Ries was skeptical that applicants could be vetted well enough to prevent the kind of fraud currently seen in the EB-5 program, which this Gold Card program would replace. Even Lutnick admitted the program is “full of nonsense, make belief, and fraud.”
"Fraud is rarely detected, let alone enforced … so it’s low risk, high reward to commit immigration benefit fraud," Ries said, adding that even Commerce Secretary Howard Lutnick admitted to the widespread fraud plaguing the EB-5 program.
At least the EB-5 has some guardrails in place.
The EB-5 residency is conditional for two years to help ensure that the program doesn’t just allow anyone to buy their way into the country. Before the two-year period ends, the EB-5 investor has to show evidence that they’ve created at least 10 jobs in the US economy and invested in commercial enterprises in the United States.
It’s not perfect, but it’s something.
Lutnick claims, the Gold Card buyers would have to go through a vetting process. What does that look like? He claims he’s sold 1,000 of them in one day. There’s no way that many people could be vetted well enough in the one day Lutnick claims the cards were sold.
And once they’re in, these Gold Card holders would not be subject to beneficial ownership requirements, since they would be considered US persons. They would be free to establish shell companies and other legal arrangements to move stolen funds, proceeds of kleptocracy, drug proceeds, and other illicit assets.
By defanging the CTA and not requiring US persons to submit beneficial ownership information, the United States just opened the doors for financial criminals, oligarchs, kleptocrats, drug traffickers, and possibly even sanctioned individuals to gain permanent residency and use the US financial system to hide, transfer, and launder funds.
Wealthy spies? Come on in!
Rich fentanyl traffickers? Why not?
Putin, ya wanna hide some dough? Just give the US government $5 million and come on in! It’s not like we’re signatories to the Rome Statute and would have to arrest you for the thousands of Ukrainian kids you’ve kidnapped and russified!
The Trump administration revealed no details about how individuals purchasing these Gold Cards would be vetted. The EB-5 program accepts about 10,000 new foreign investors per year, along with their families, according to Congressional information. The vetting process can take several years. Does the US government have the resources to conduct due diligence and vetting on Gold Card investors in as quickly as in one day?
Don’t make me laugh!
And the more applicants there are, the longer the process should theoretically take.
And yet, those who pay the $5 million price tag will not only be able to exploit the US financial system with relative impunity, but hide their involvement in doing so.
FATF Evaluation is Coming
The FATF is due to conduct an onsite evaluation of the US AML/CFT regime in early 2026, according to Treasury.
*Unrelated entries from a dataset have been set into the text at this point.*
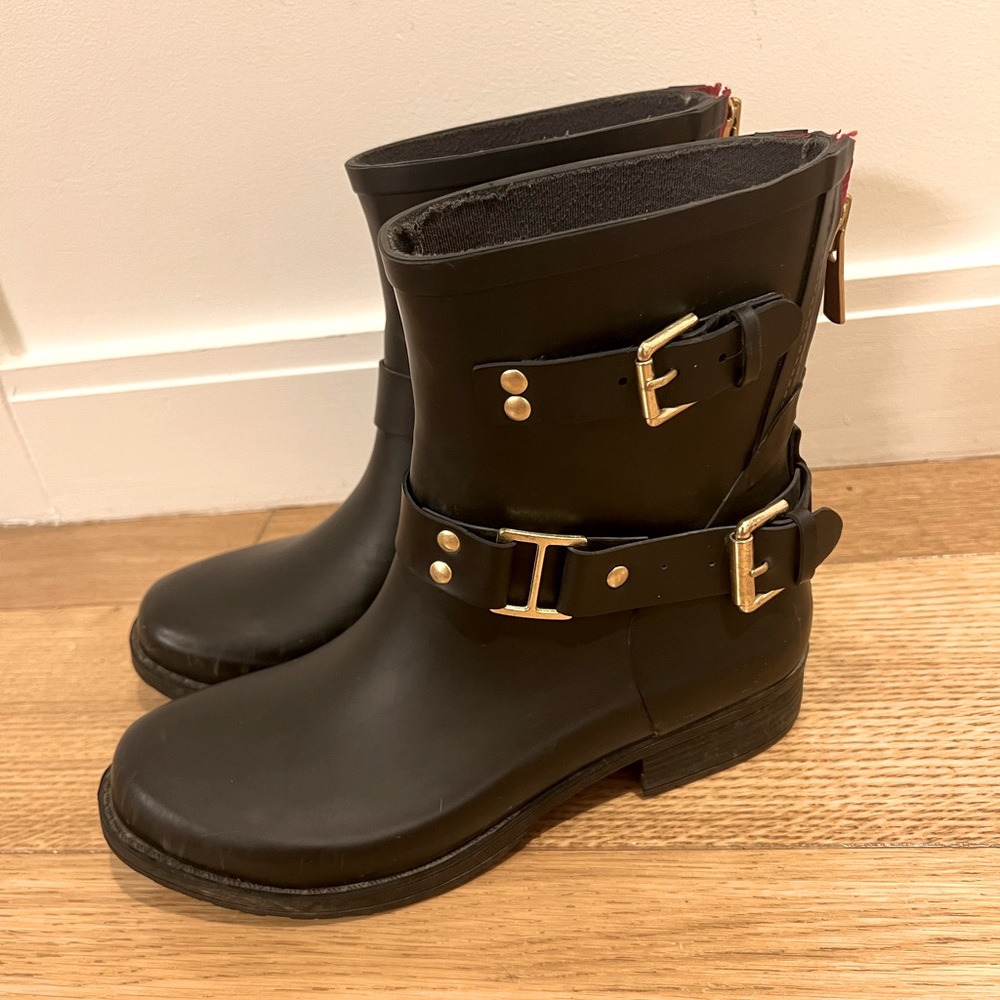 Stylish rain boots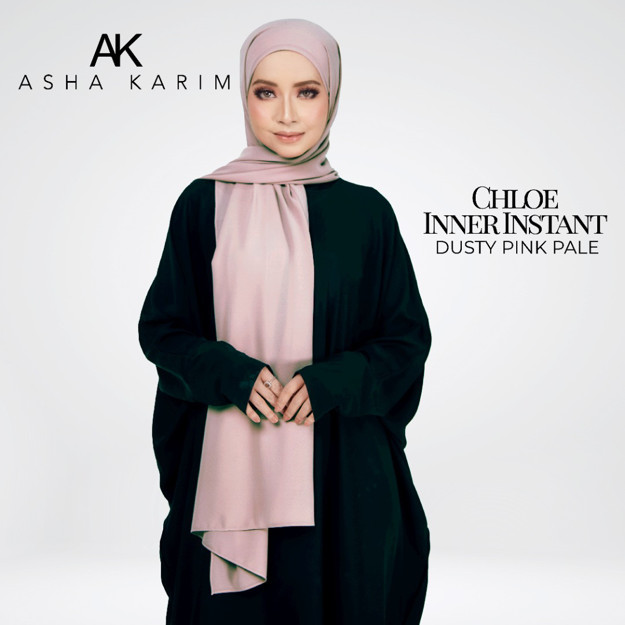 Picture of Asha Karim Chloe Inner Instant Shawl Dusty Pink Pale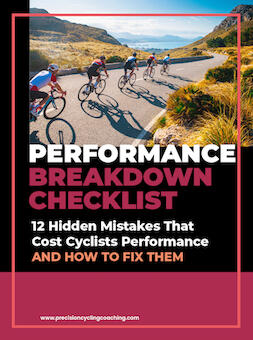 Cyclist racing in a fast group, showing how race positioning, decision-making and repeated surges can affect performance even when training fitness is strong.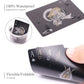 WJPC Easy Shuffling Plastic Waterproof Playing Cards,Cool Black Dragon Poker Cards for Game and Party, Deck of Cards?Dragon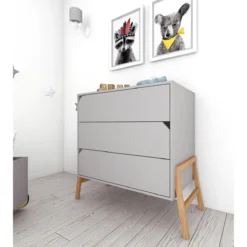 Bellamy Lotta Grey Babykamer: Ledikant/Juniorbed En Commode -Dolu Verkoopwinkel bellamy lotta grey commode loszkomo 5 1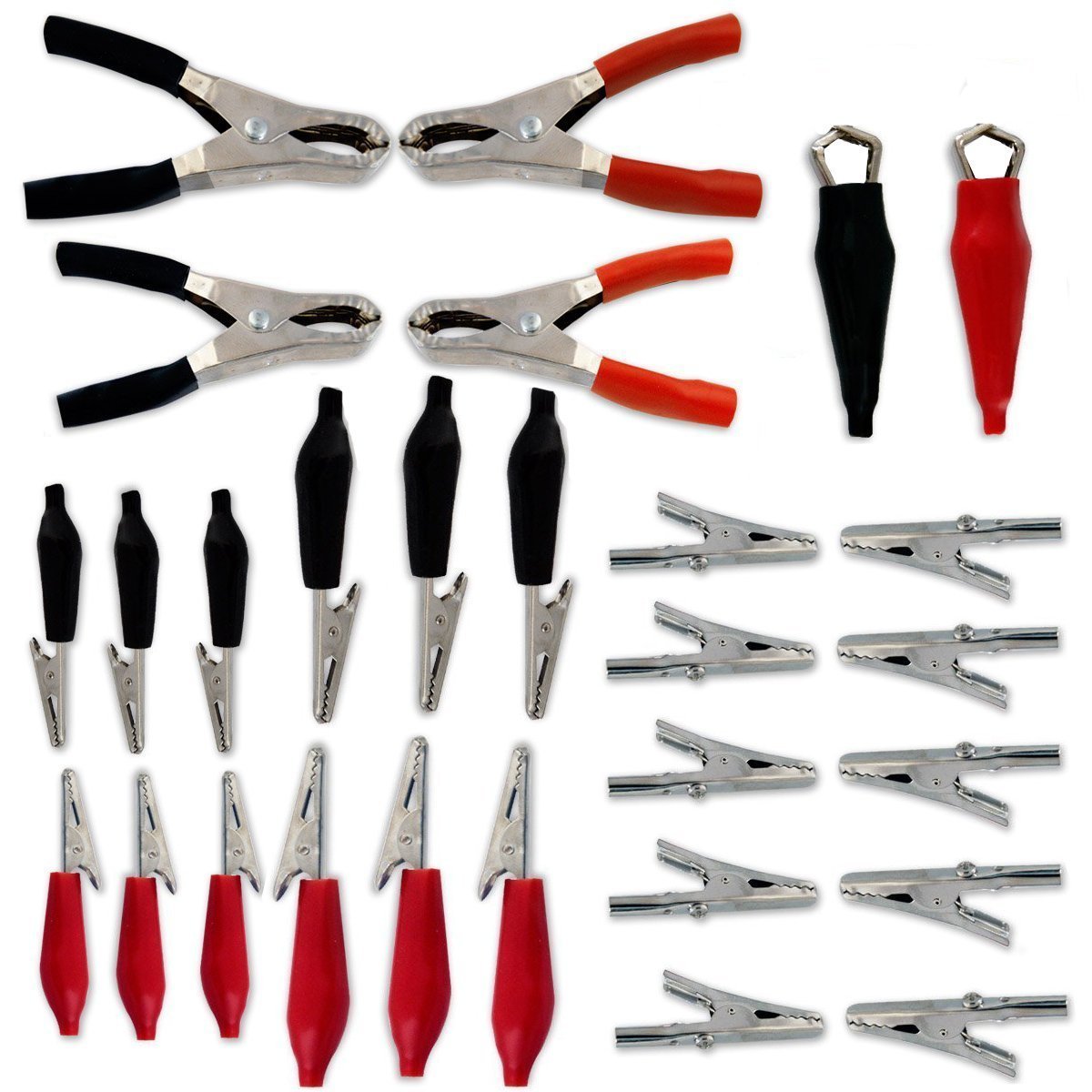 28pc Electrical Alligator Clips Assortment Kit Clamps gallery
During our 2016 Mutual Evaluation, the global watchdog noted that “the system has serious gaps that impede timely access to beneficial ownership information.”
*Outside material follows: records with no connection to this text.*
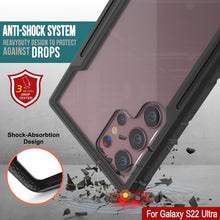 Cargar imagen en el visor de la galería, Punkcase S22 Ultra ravenger Case Protective Military Grade Multilayer Cover [Black] (Color in image: Grey)
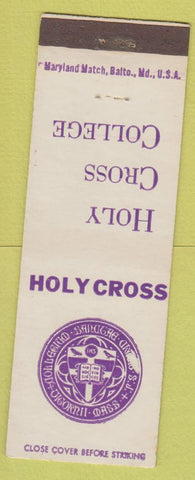 Matchbook Cover - Holy Cross College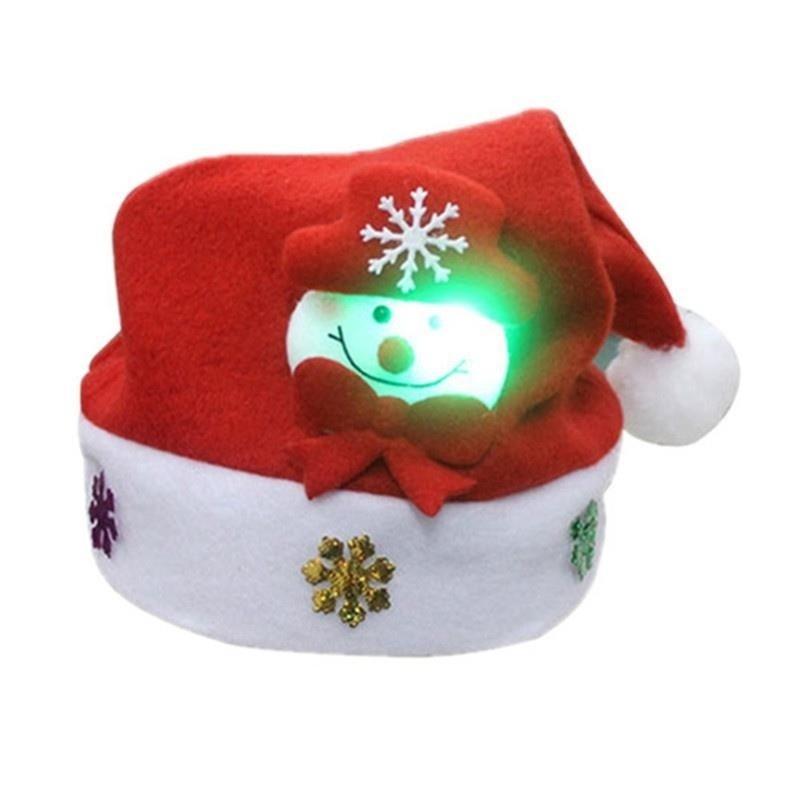 LED glowing christmas hat
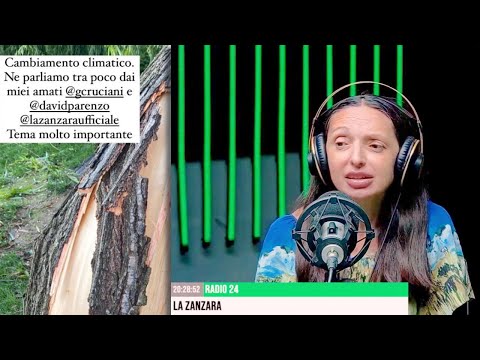 Terra scusaci per il cambiamento climatico (Annarita Briganti) - La Zanzara 25.7.2023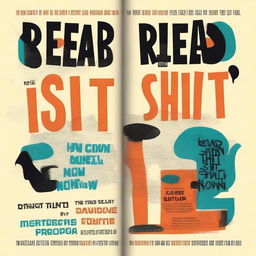 Design a visually striking book or ebook cover for the title 'Read This Shit Now, It Can Help' by author Xavier Mathews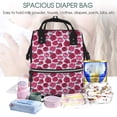 thumbnail image 5 of Pofeuu Rose Flowers Print Diaper Bag Backpack, Multifunction Travel Pack Maternity Baby Changing Bags, Large Capacity, Waterproof, 5 of 6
FATF last year upgraded our rating on beneficial ownership transparency to “largely compliant” with FATF Recommendation 24 because of the CTA requirement to submit beneficial ownership information.
What do you think will be the findings after the Trump administration crippled beneficial ownership reporting?
How much will our Transparency International Corruption Perceptions Index drop?
And what will that do to the global standing of our financial system?